Hill also referenced a photograph of Adams at an IRA funeral wearing a black beret, suggesting this was evidence of membership. Adams countered, “I was part of a guard of honour, of which I was honoured to be a part. But there is no suggestion I was a member of the ANC [African National Congress],” drawing a parallel to his participation in Nelson Mandela’s funeral guard of honour. Hill further pressed on the 1972 talks between the UK government and an alleged IRA delegation, which included Adams. Citing the late Seán Mac Stíofáin’s assertion that the delegation comprised “exclusively” IRA members, Adams insisted Mac Stíofáin was “mistaken.”
Adams’ legal history is as complex as the conflict he helped to end. He was charged with IRA membership in 1978, but the case was dropped due to insufficient evidence. His only Troubles-era convictions—two attempts to escape prison while interned without trial in the 1970s—were quashed in 2020 by the UK Supreme Court. In 2025, Adams won a libel case in Dublin against the BBC over allegations he was involved in the killing of a British spy.
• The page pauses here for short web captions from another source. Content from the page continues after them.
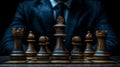 A close-up of a classic chess set with a focused player in a dark setting Royalty Free Stock Photo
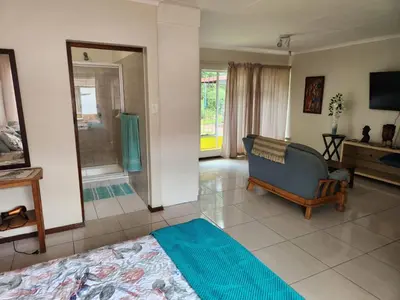 a living room with a couch and a television at La Siesta in Pretoria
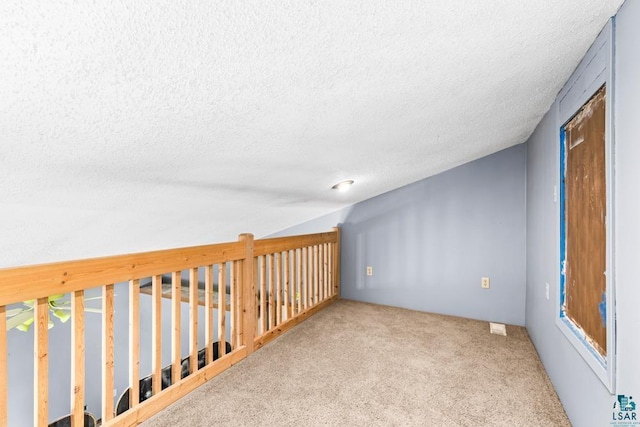 carpeted empty room with a textured ceiling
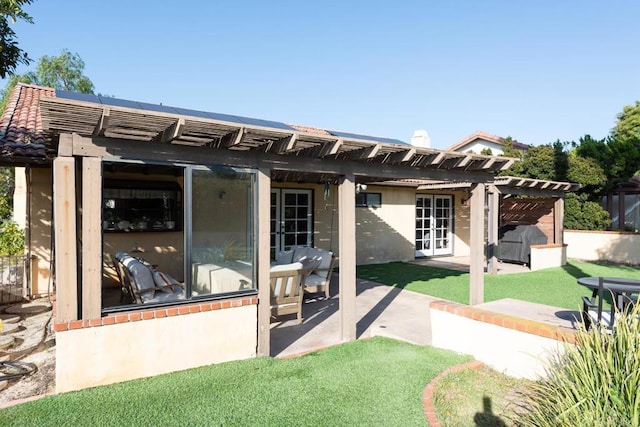 11705 Via Medanos, San Diego, CA 92128 - rear view of property featuring a pergola, stucco siding, a tile roof, a lawn, and a patio area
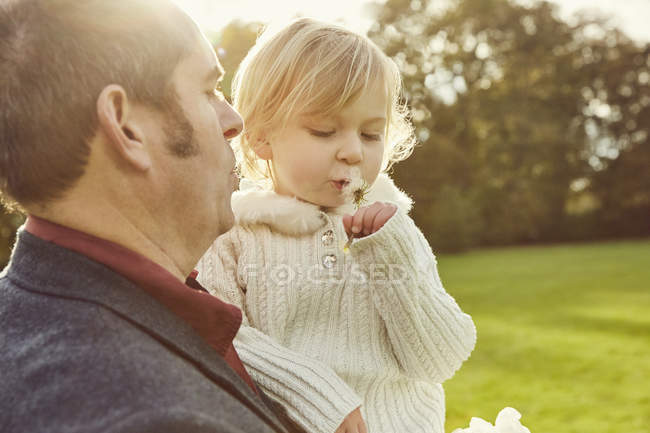 Father and daughter looking at dandelion clock — Stock Photo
He has previously faced questioning about his alleged IRA past at the Ballymurphy inquest in Belfast in 2019 and during the 2025 libel proceedings.
Adams’ political career is inextricably linked to the story of the Troubles and the peace process. As president of Sinn Féin, he became the best-known face of the movement seeking to end British rule in Northern Ireland. He played a key role in negotiating the 1998 Good Friday Agreement, which brought about power-sharing in Northern Ireland’s Assembly, allowed for dual citizenship, and set the stage for a potential future referendum on Irish unity. Adams served as a British MP from 1983 to 1992 and again from 1997 to 2011, though he and Sinn Féin famously boycotted their seats in protest of what they considered illegitimate British rule. He later served in the Northern Irish parliament at Stormont Castle before retiring from active politics in 2020.
The trial continues, with Adams expected to give further evidence. The case, while unlikely to resolve the enduring controversies of the Troubles, shines a spotlight once again on the unresolved pain, political complexities, and personal histories that still shape Northern Ireland’s present. As the courtroom drama unfolds, the question of personal accountability versus collective history remains as fraught—and as important—as ever.